*Your objective*
Please print, exactly, only the lines in the entries below from the line that has "Business sectors susuportahan" through the line that has "from 09-23-25, 05:09". Pictures don't go in.

*Stored data*
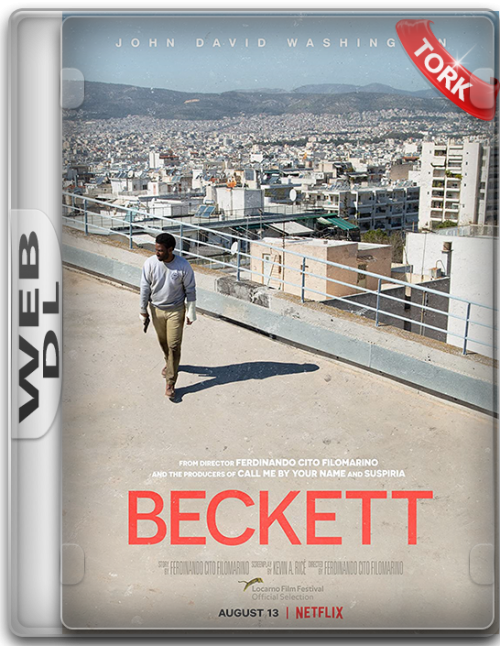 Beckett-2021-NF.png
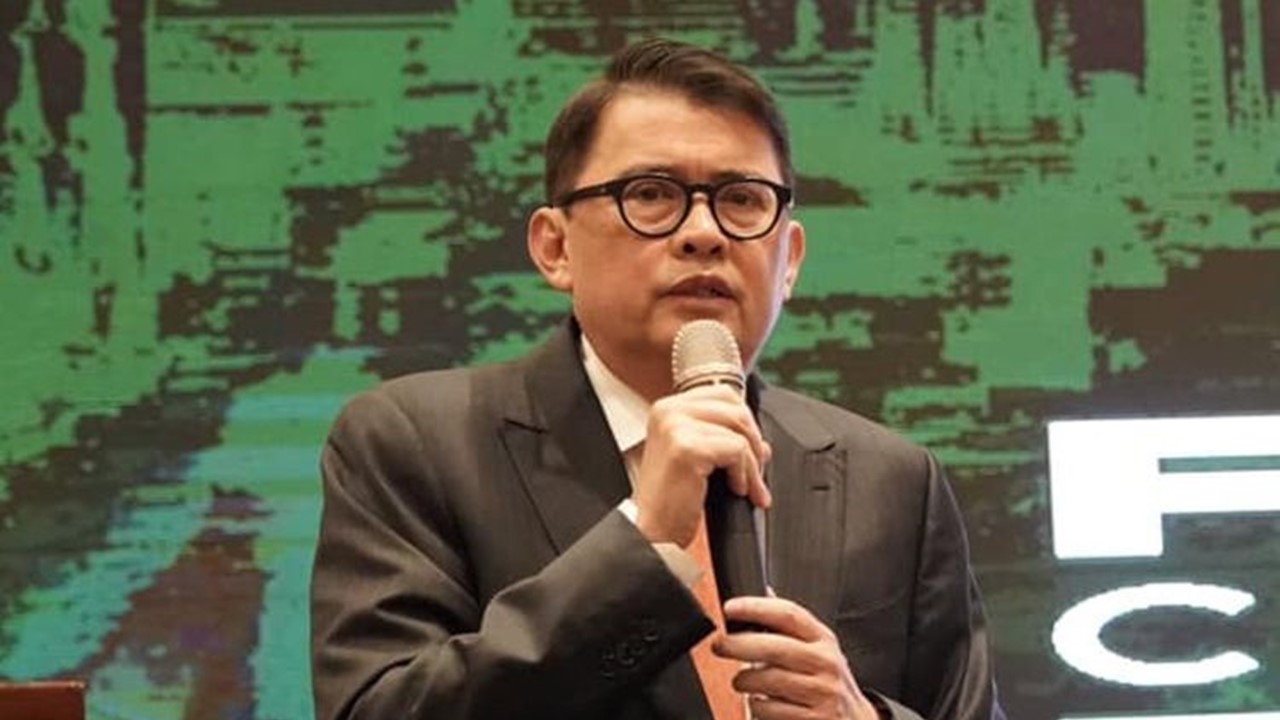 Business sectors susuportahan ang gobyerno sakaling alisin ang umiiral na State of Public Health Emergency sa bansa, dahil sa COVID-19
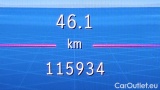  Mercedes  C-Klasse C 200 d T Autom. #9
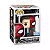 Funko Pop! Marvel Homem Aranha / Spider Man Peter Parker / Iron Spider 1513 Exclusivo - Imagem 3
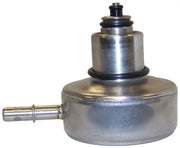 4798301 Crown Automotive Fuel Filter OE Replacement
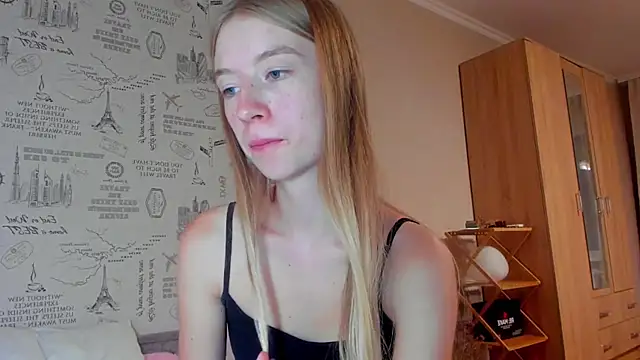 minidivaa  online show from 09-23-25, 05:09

--

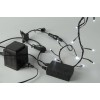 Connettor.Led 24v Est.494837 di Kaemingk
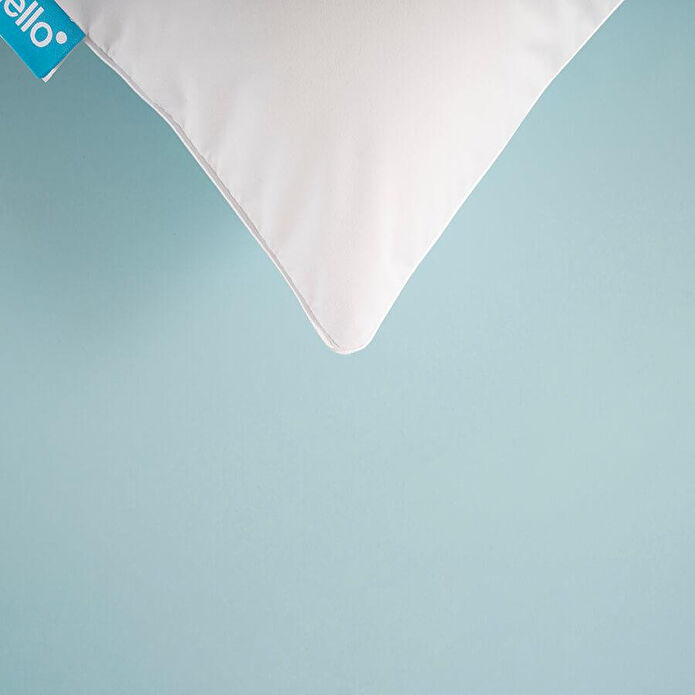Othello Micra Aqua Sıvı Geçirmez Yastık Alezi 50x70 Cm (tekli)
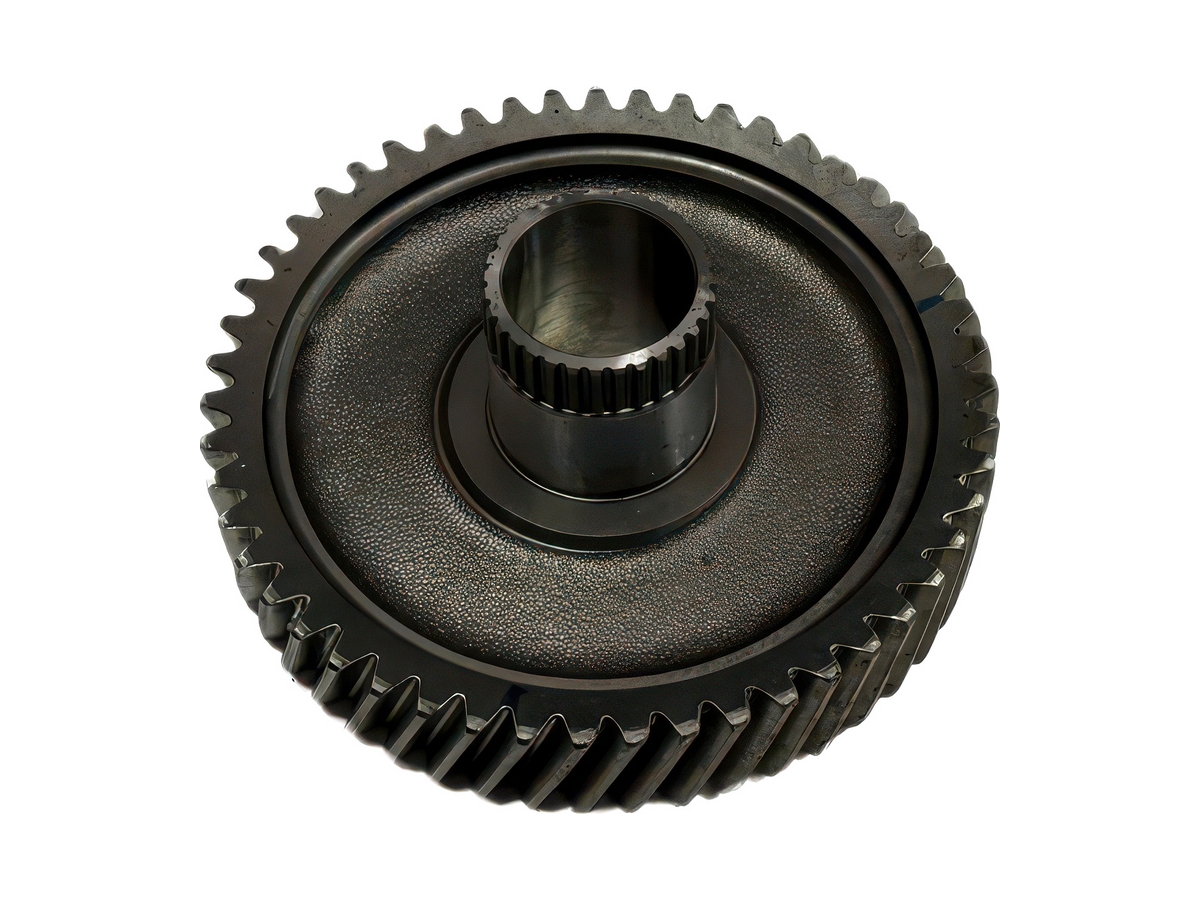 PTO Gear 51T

==

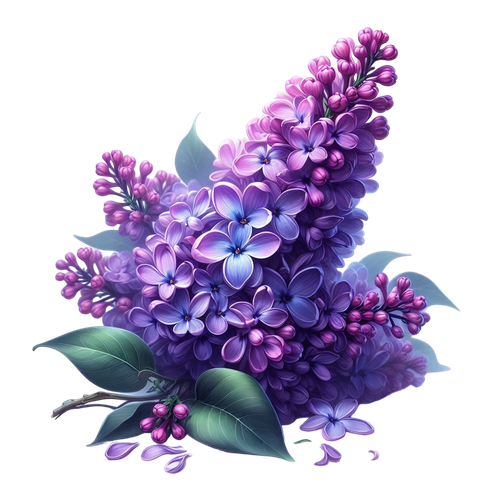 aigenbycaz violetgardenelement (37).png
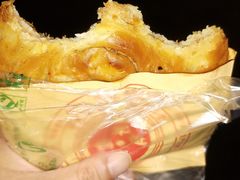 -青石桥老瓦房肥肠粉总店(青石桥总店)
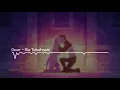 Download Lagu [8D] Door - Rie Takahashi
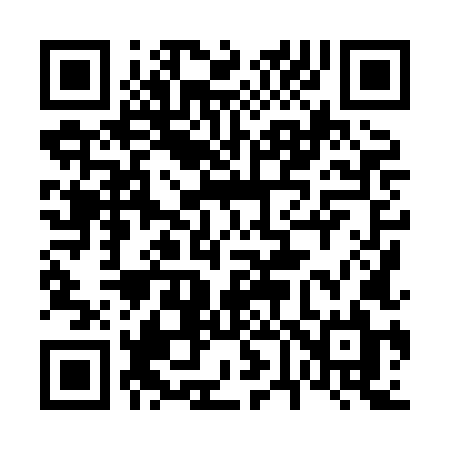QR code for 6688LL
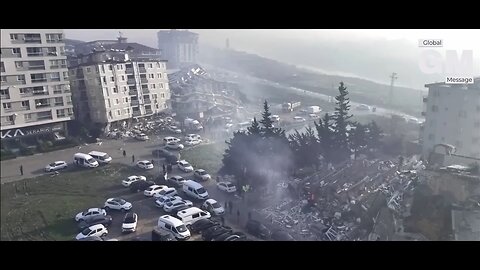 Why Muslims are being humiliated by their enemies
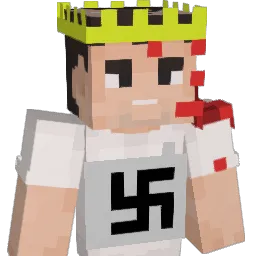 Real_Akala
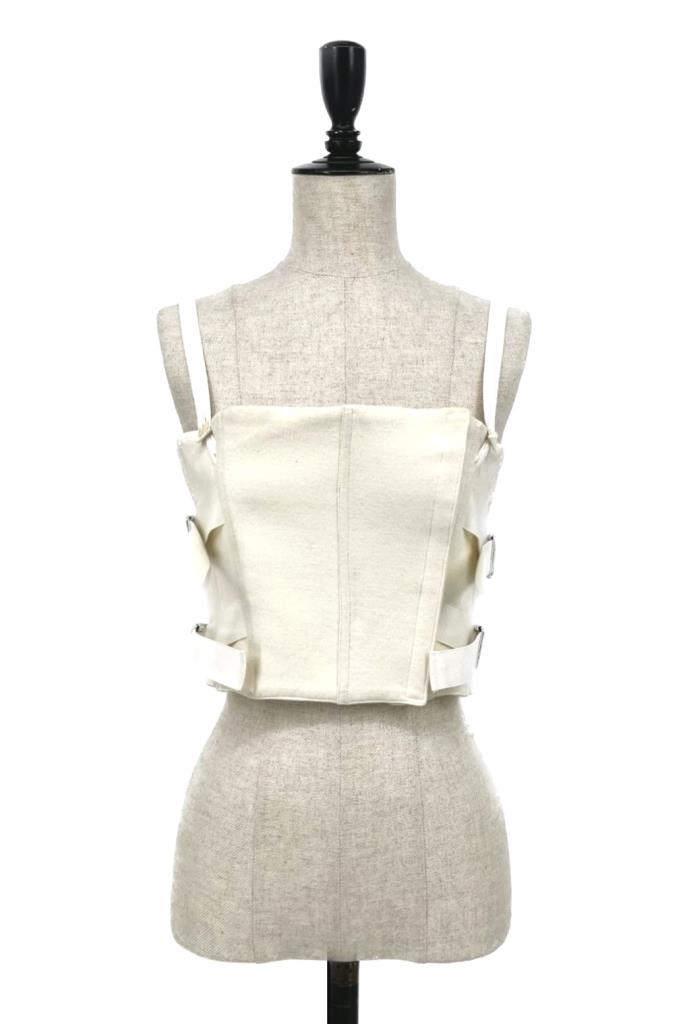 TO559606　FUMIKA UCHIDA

*Task solution*
 Business sectors susuportahan ang gobyerno sakaling alisin ang umiiral na State of Public Health Emergency sa bansa, dahil sa COVID-19
  Mercedes  C-Klasse C 200 d T Autom. #9
 Funko Pop! Marvel Homem Aranha / Spider Man Peter Parker / Iron Spider 1513 Exclusivo - Imagem 3
 4798301 Crown Automotive Fuel Filter OE Replacement
 minidivaa  online show from 09-23-25, 05:09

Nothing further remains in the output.